Task: Where "Luxury" appears in a line of the entries below, that line should be copied.

==== Data excerpts

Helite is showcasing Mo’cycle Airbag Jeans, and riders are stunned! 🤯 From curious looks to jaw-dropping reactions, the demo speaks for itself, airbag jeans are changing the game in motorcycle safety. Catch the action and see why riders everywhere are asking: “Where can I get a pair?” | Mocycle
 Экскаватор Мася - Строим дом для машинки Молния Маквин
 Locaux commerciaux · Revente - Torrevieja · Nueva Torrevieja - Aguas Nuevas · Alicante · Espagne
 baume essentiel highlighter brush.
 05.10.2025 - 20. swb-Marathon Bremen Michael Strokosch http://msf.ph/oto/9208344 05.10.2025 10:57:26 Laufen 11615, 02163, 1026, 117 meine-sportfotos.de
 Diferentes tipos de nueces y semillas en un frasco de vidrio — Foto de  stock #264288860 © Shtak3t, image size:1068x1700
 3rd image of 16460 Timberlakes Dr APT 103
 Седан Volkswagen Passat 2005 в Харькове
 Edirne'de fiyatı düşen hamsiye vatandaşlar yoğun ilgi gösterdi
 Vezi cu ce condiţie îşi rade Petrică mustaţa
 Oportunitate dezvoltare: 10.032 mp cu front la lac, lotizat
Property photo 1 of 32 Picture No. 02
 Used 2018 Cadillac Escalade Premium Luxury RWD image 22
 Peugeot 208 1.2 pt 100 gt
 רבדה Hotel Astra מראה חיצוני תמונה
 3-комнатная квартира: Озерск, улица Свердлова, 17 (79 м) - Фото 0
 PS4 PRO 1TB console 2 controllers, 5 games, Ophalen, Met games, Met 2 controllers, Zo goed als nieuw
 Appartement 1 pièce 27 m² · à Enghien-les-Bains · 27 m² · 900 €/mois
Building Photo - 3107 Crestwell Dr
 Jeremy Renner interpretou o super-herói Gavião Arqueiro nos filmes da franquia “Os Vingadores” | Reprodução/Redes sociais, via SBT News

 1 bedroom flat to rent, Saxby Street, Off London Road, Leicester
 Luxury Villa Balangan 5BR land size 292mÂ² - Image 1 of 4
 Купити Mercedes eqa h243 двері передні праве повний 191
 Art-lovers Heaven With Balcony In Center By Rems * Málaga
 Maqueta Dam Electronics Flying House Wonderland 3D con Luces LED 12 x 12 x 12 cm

========

Solution to the exercise:
 Used 2018 Cadillac Escalade Premium Luxury RWD image 22
 Luxury Villa Balangan 5BR land size 292mÂ² - Image 1 of 4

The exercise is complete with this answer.